Possible noob question...

Where is the best place to order Canon gear?

I ask because I've been told that the equipment sold to Costco, for example, is different than to B&H or Amazon. When the time comes for me, or anyone, to purchase a DSLR, lens, bag, or accessories, what would you recommend?

Note: I am in the NYC area.


----------



## dturano (Mar 26, 2012)

If you live in the NYC area, B&H or adorama are great places to get Canon gear. If your out on the island check out Cameta Camera or Berger-Bros. I find Cameta to have the best prices, i even check there ebay auctions becasue they list prices lower even than there retail site and store, they have no issue price matching and I can drive and pick up from there warehouse.

I usually order from Abesofmaine to save on tax but service and shipping times can be spotty.


----------



## garyploski (Mar 26, 2012)

Great tips, dturano.

The drive might eat into any savings with gas prices being what they are. Abes completely slipped my mind, thanks for the reminder.


----------



## JR (Mar 26, 2012)

I like B&H personally and I live in Canada. If I was in New York and could go to their store in person, I would do that for sure. Am sure Adorama is good too.

After purchasing more then 4 "L" lens from B&H, their customer service sold me as a long term customer. I prefer it to my local dealer now.


----------



## linuxtuxguy (Mar 26, 2012)

While it may be true for some products that what you buy at the warehouse club is different than what you get purchased elsewhere, that is NOT the case for Canon camera gear.

What you get at the warehouse club is exactly the same as what you get at any other reputable merchant.


----------



## Quasimodo (Mar 26, 2012)

To me this sounds like a luxury problem  I live in Norway, and the prices in the U.S. are extremely low compared to here. Right now I have a friend of me popping by B&H to buy me a 2x teleconverter mk III (which saves me 314 $ from the norwegian price). 

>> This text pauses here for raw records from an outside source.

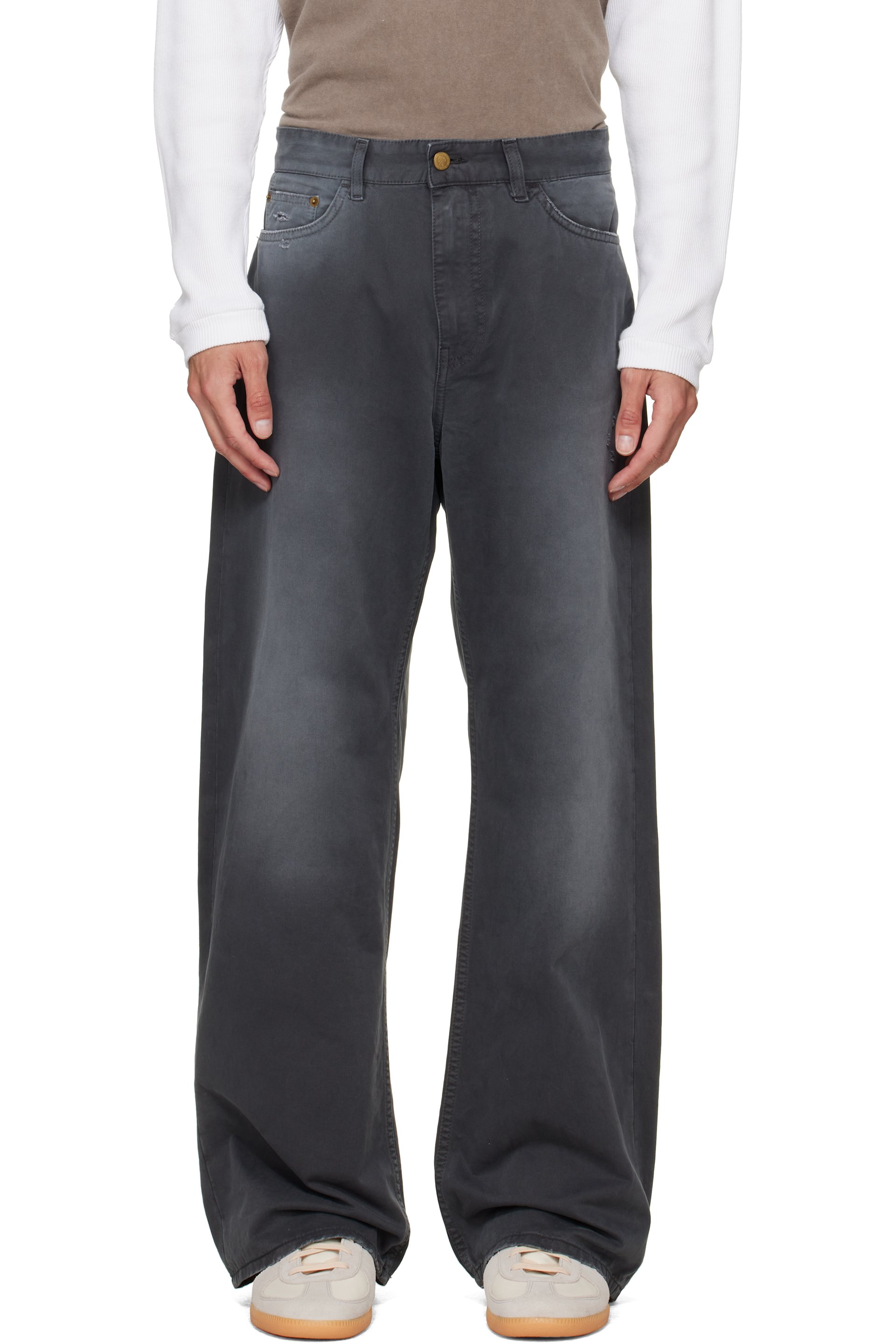 Stockholm (Surfboard) Club - Gray Chino Trousers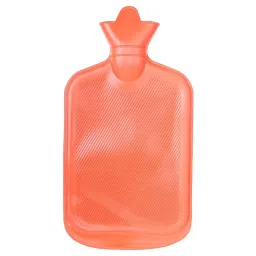FAIRBIZPS Hot Water Bag for Back Pain, Period Pain, Neck and Shoulders Pain 2 L Virgin Rubber, Red-picture-25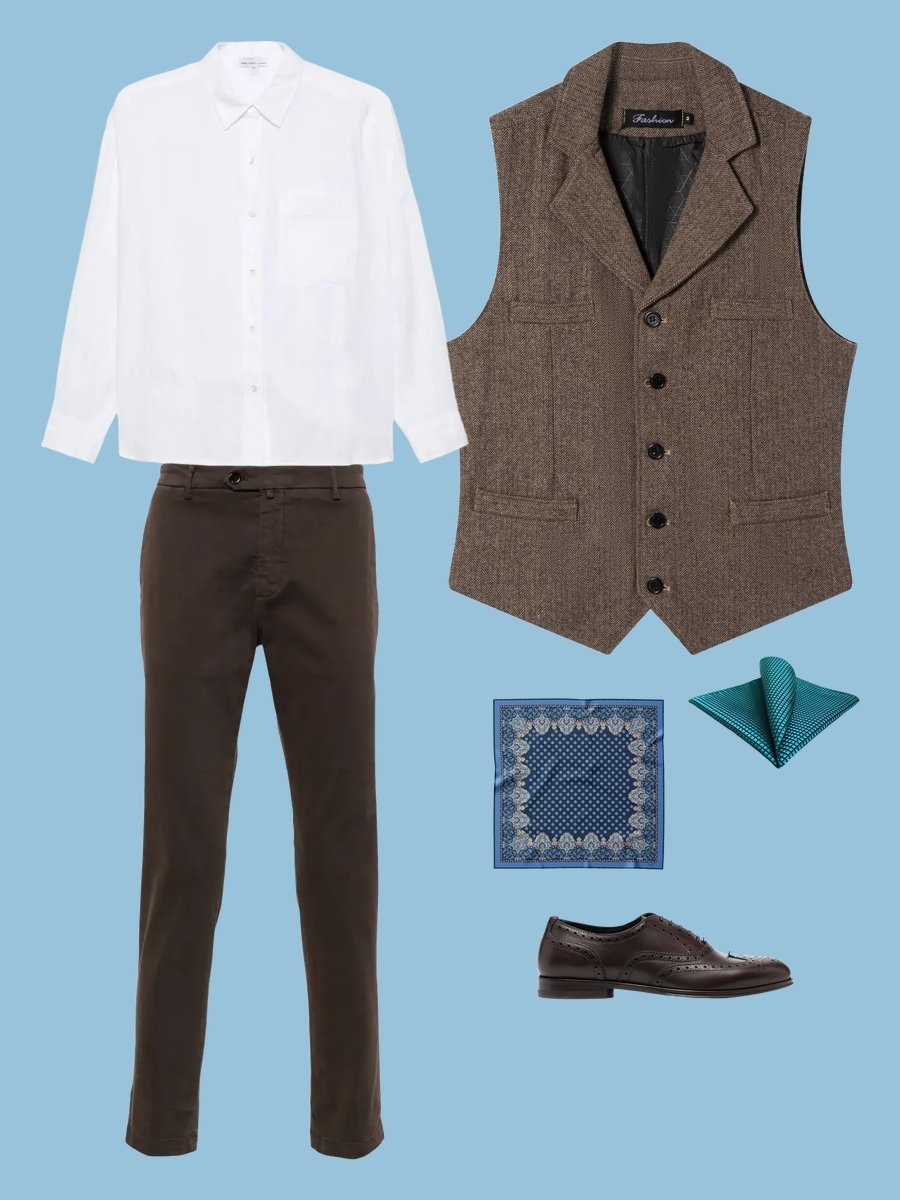 1920's Men's Fashion: Timeless Style Revival!
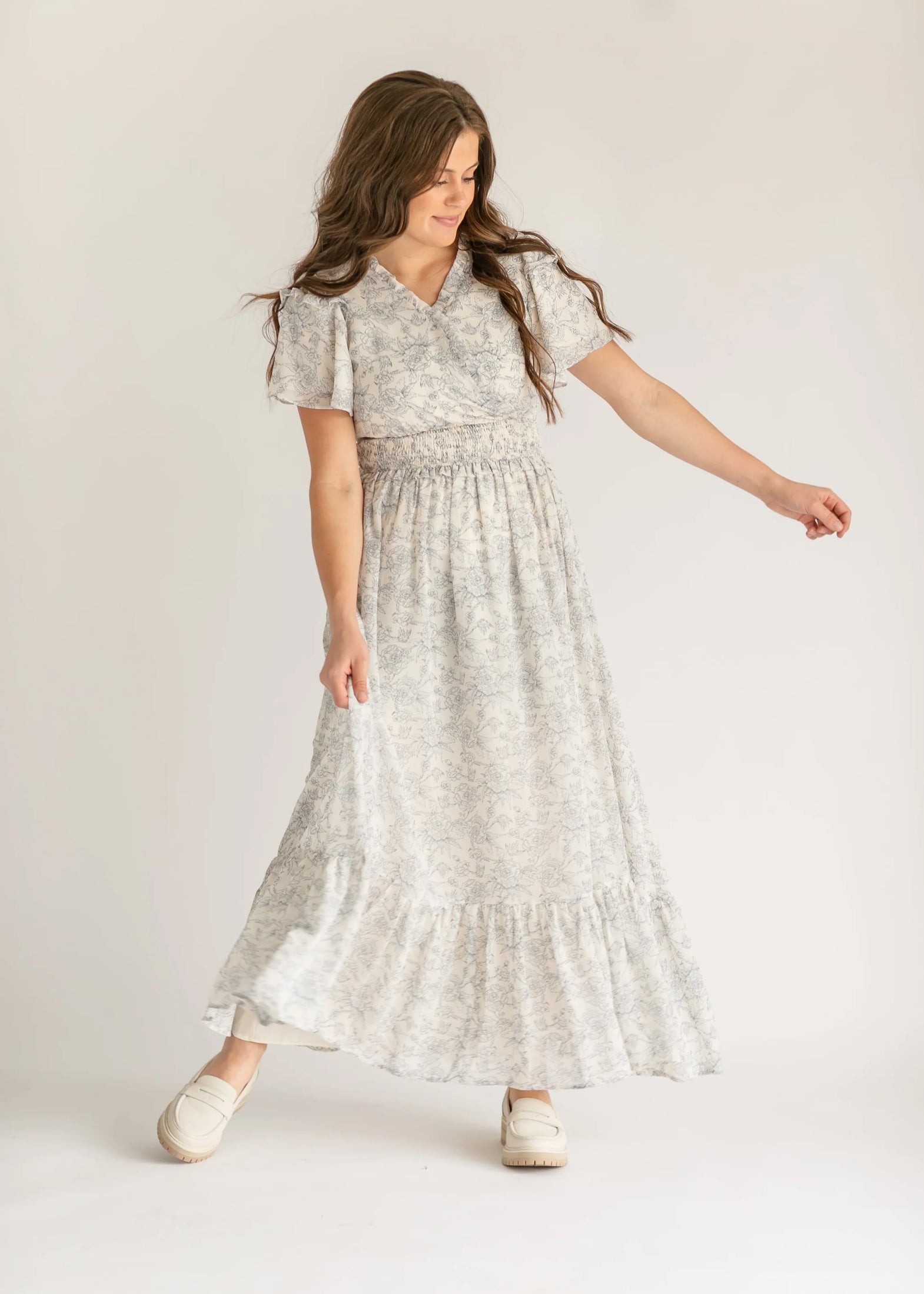 Sarah modest maxi dress JanieLanie Sarah modest maxi dress JanieLanie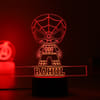 Spider-Man Personalized LED Lamp
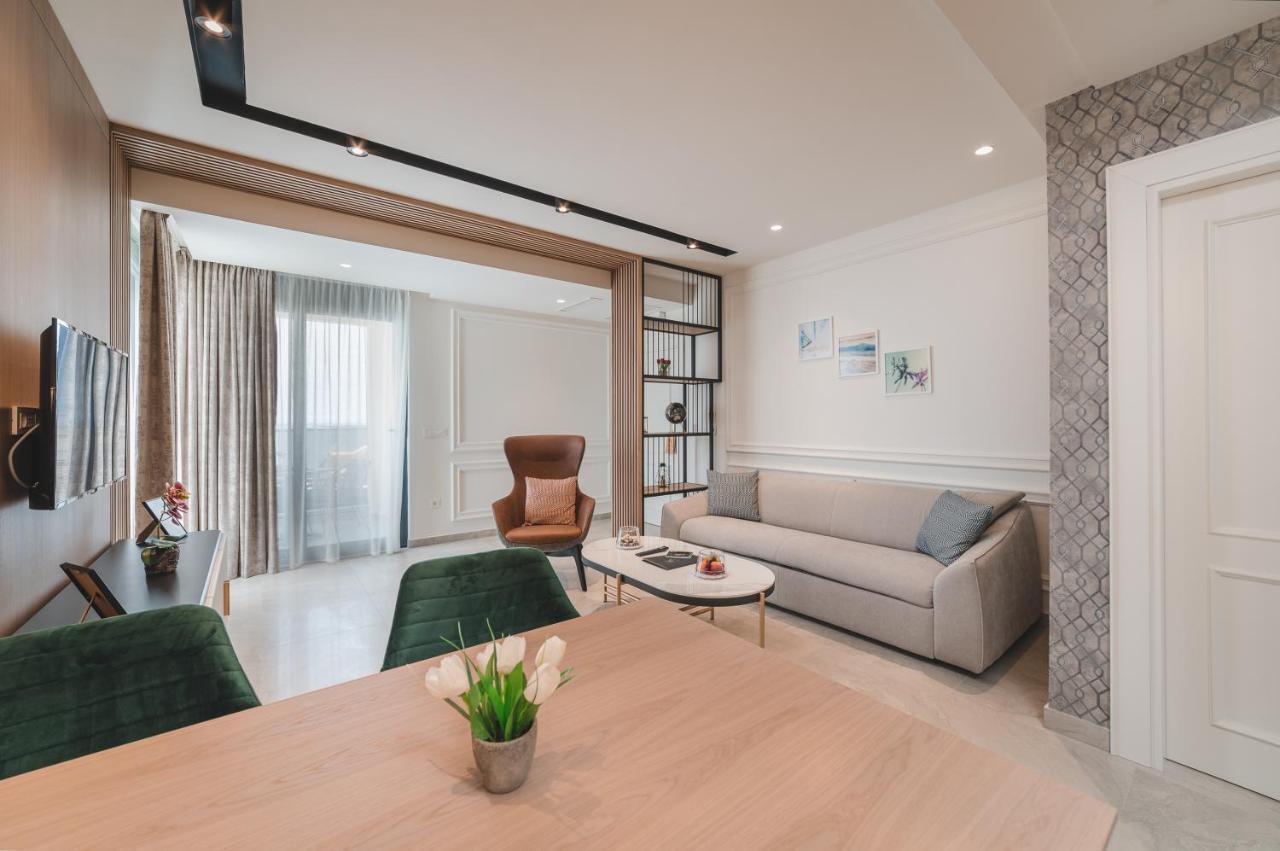 Kalamper Apartments Dobra Voda Dış mekan fotoğraf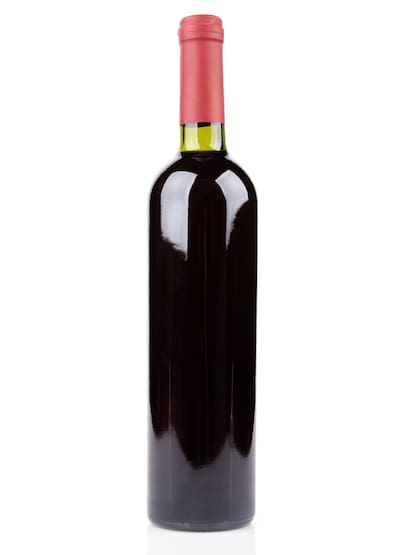 El estándar global de las botellas de vino es de 750 mililitros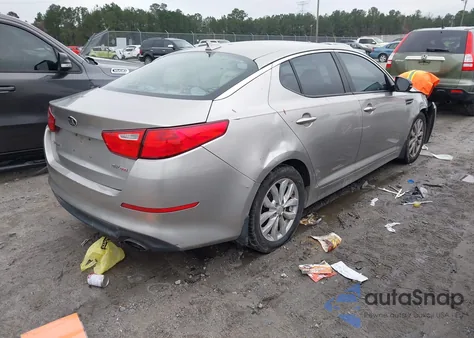 2014 Kia Optima Ex from USA, damaged, VIN 5XXGN4A74EG342513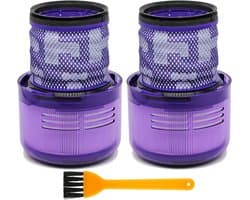 Vervangend filter voor Dyson V11 draadloze stofzuiger - V11 Torque Drive Animal Complete Extra - V15 Detect en SV14 - vervangt onderdeelnummer 970013-02. Wasbaar en herbruikbaar HEPA-filter.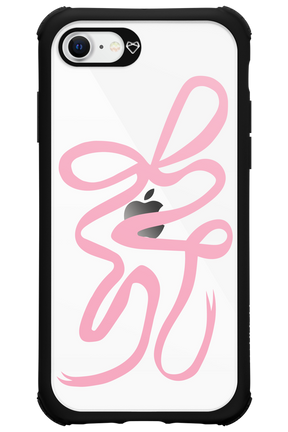 Pink Bow - Apple iPhone SE 2020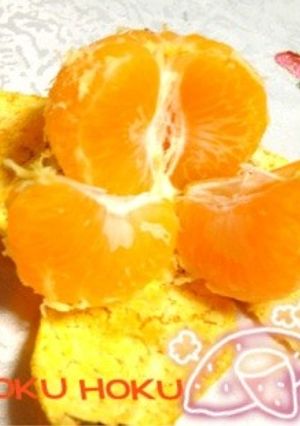 さつまいも風味？あったか焼きみかん★-レシピのメイン写真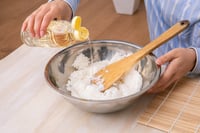 ¿Vinagre al arroz?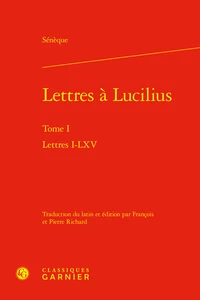 Lettres à Lucilius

If I can add a question to your original one... I might be attending a week course at Harvard this summer, and I don't think the schedule allows me a trip to NY, so I wondered if there are any good places you know in Boston or in the MA area where I can get B&H prices and quality?


----------



## Mt Spokane Photography (Mar 26, 2012)

The main difference with Costco cameras is that often the manufacturers include extras, such as two lenses, or add memory cards or cases, even printers in some cases. 

This makes it a product with a different sku / bar code from that sold in camera stores, so prices cannot be easily compared. Its the manufacturers solution to allow discounting by adding extra goodies.

However, the Canon or Nikon body or lens is no different.


----------



## garyploski (Mar 27, 2012)

> ...discounting by adding extra goodies.



As Quasimodo said, it's not a bad problem to have if all the equipment is the same in quality. I wish I had something to suggest regarding Boston. Hopefully someone else can offer up a suggestion or two. 

If my understanding is correct from the experiences noted with the brick and mortar vs warehouse vs online... If I'm looking for service and to build a relationship there are a few to stick with in the NYC area and equipment standards are the same regardless where it is purchased.

Curiously, or interestingly, I'm not sure which, nobody seems to have made mention or online options.


----------